ASIC has, for the first time, used its Design and Distribution Obligation powers to make a final stop order, preventing Coral Coast Distributors from signing up customers to Centrepay credit arrangements.
Coral Coast operates 10 Urban Rampage stores in regional and remote locations in Queensland, Northern Territory and Western Australia, selling general household items. It offers credit through deferred deduction arrangements via Centrepay.
ASIC found that this arrangement was not suitable for consumers in Urban Rampage’s target market because it was unlikely to be consistent with their financial situation and placed them at risk of financial hardship.
The regulator made an interim stop order in February and a final stop order on April 24.
ASIC commissioner Alan Kirkland said in a statement: “Coral Coast targeted First Nations consumers who received Centrelink payments. After entering into Centrepay credit arrangements at Urban Rampage stores, many of these consumers found themselves without money to pay for essentials.
“It is unacceptable for businesses to use credit-like facilities in a way that puts vulnerable customers into hardship. Addressing harm impacting First Nations Australians is a key priority for ASIC.”
In a furious response, Urban Rampage and Coral Coast said it was “poised to launch a landmark legal challenge against ASIC for a racist and paternalistic decision.”
It plans to do so in the Administrative Appeals Tribunal. The company is also looking into the merits of bringing an action under the Racial Discrimination Act.
ASIC, Coral Coast said, “conceded it had not received a single complaint.”
It said the Urban Rampage store credit product had “passed all Services Australia audits since the business started using Centrepay in 2016.”
The Design and Distribution Obligation gives ASIC power to stop the sale of a product if it sees evidence of mis-selling.
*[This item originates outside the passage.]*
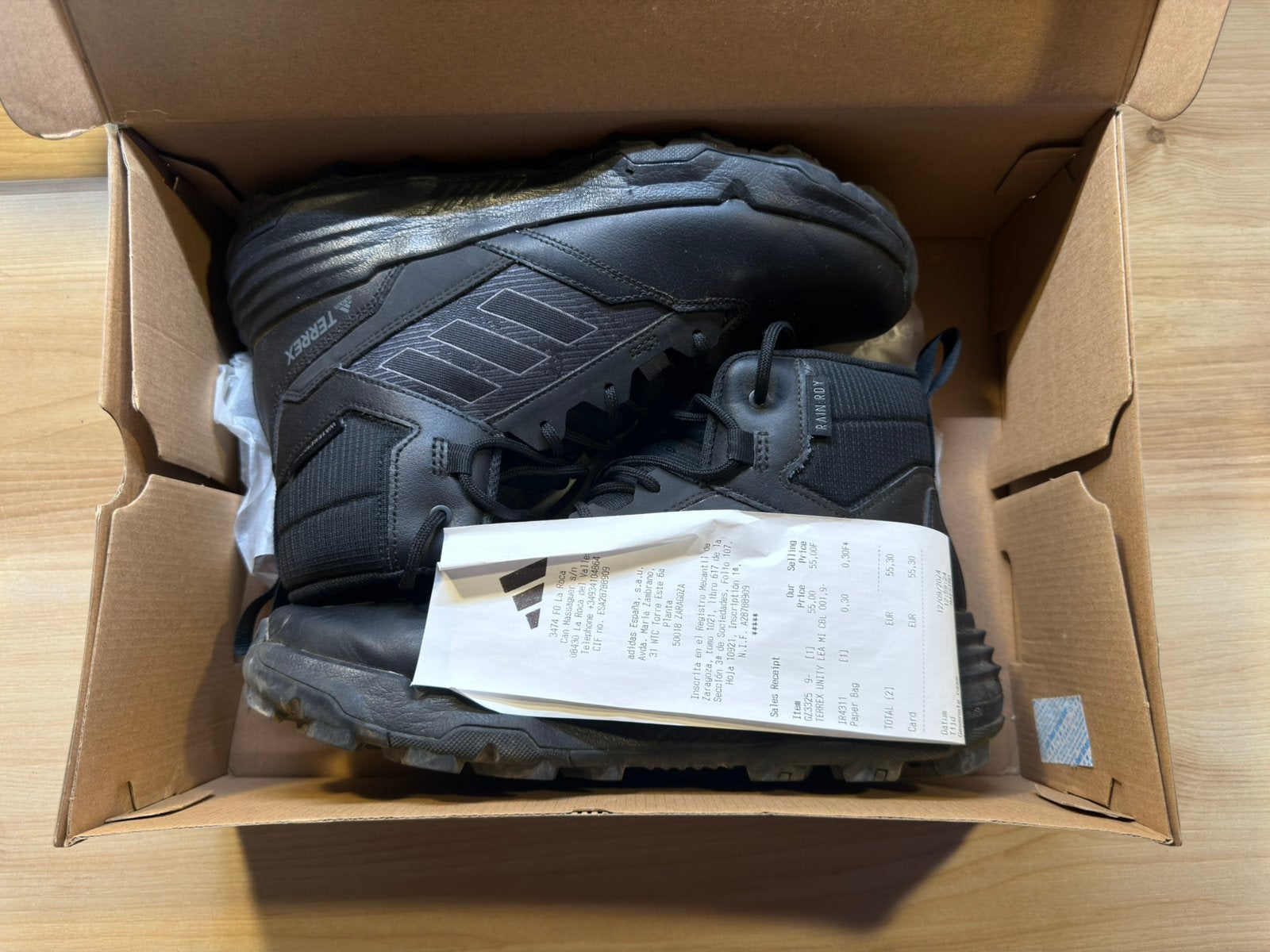 Adidas TERREX UNITY (IF4977) Maat, Vêtements | Hommes, Chaussures, Chaussures de marche, Porté, Noir, Enlèvement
Financial services companies are required to identify the target market for any product that requires a disclosure document and must design the product for that market.
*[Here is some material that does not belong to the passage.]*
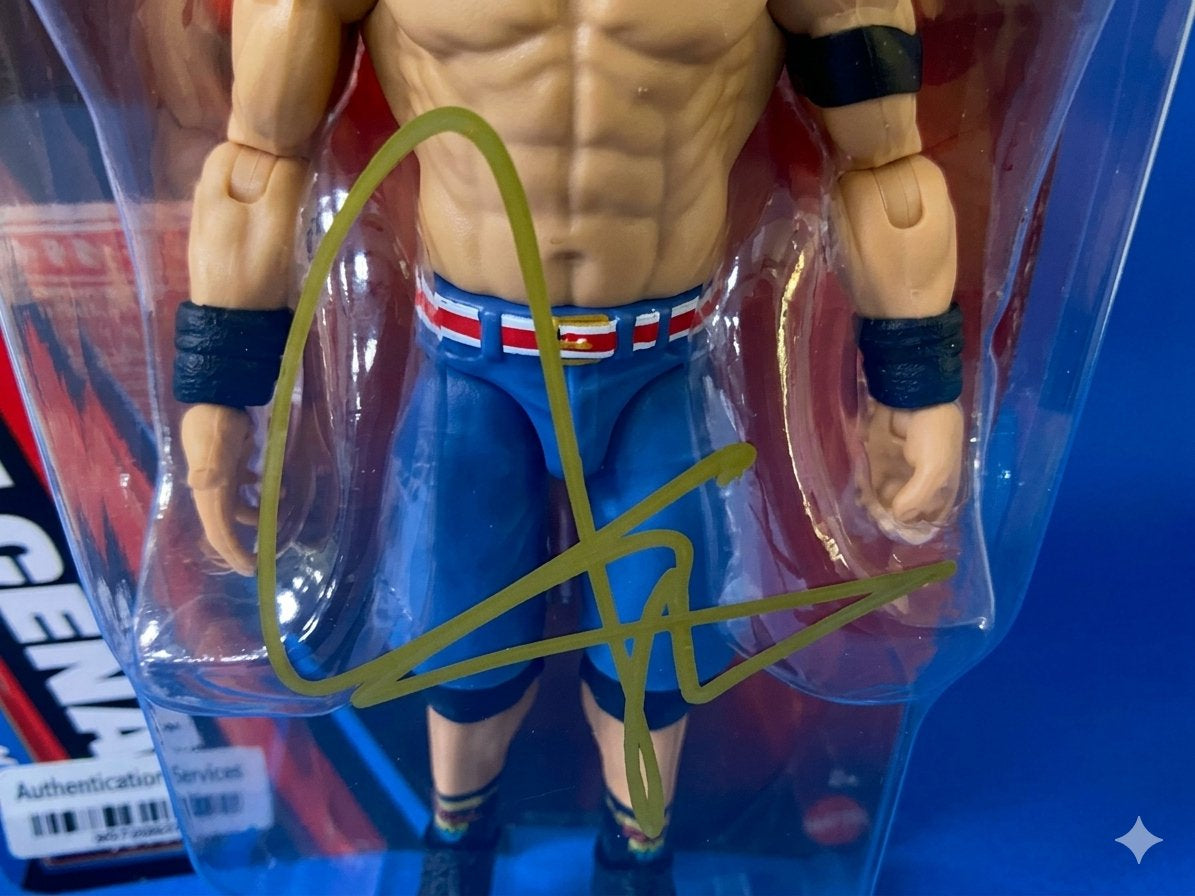 John Cena Signed WWE Action Figure with COA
Companies are required to consider the likelihood of a product being appropriate for the retail clients in the target market: that is, whether it is likely to be consistent with the likely objectives, financial situation and needs of retail clients.
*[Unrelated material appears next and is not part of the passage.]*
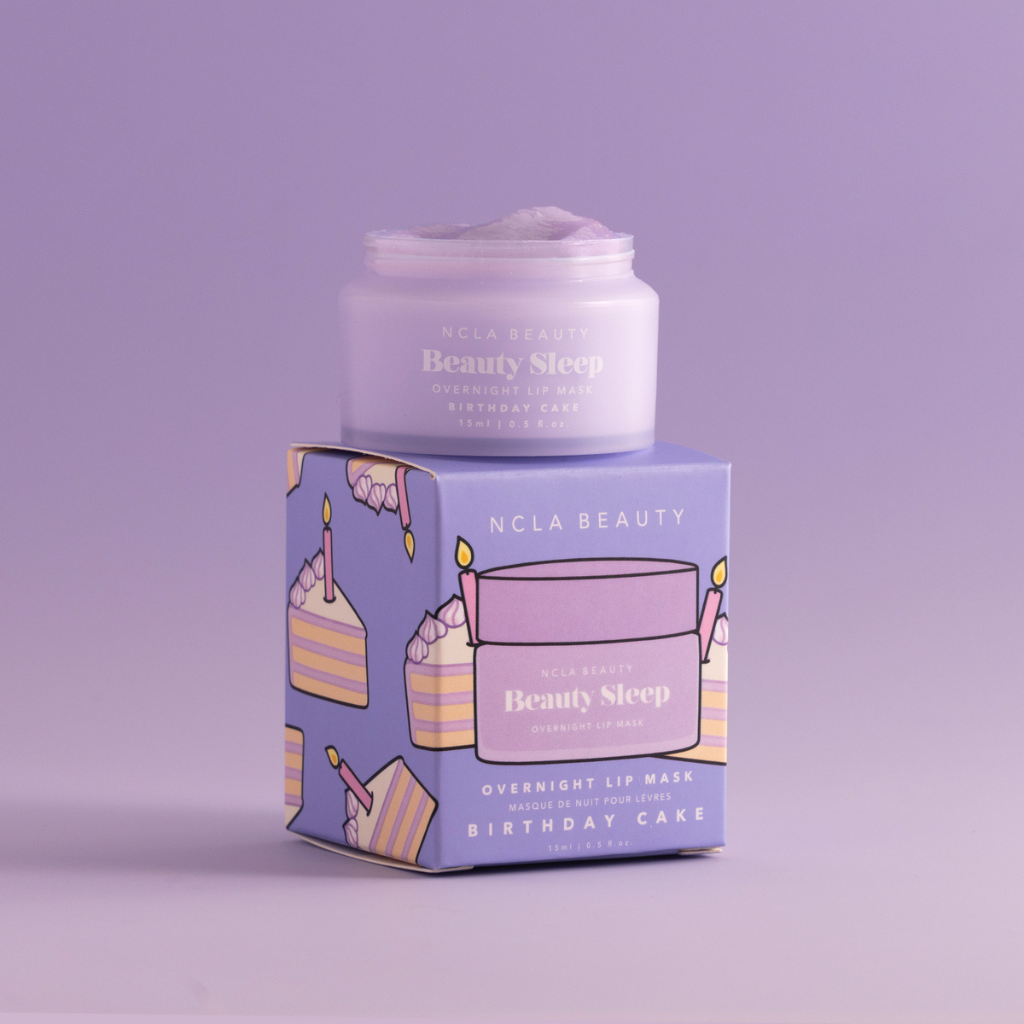 NCLA Beauty | Beauty Sleep Lip Mask Birthday Cake - Naturelle.fi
Relevant factors in this consideration include a product’s complexity, risk profile and fees, as well as consumers’ likely understanding of product features, and their capacity to meet their obligations or bear losses.
Companies have to select appropriate distribution channels and periodically review those arrangements to ensure they continue to be appropriate.
In a review of the operation of the DDO, law firm King & Wood Mallesons said the range of reasons given by the regulator for issuing stop orders include: the target market was too broad; the target market determination did not specify any distribution conditions or the distribution conditions were inadequate; and the target market determination did not include required information, such as review periods.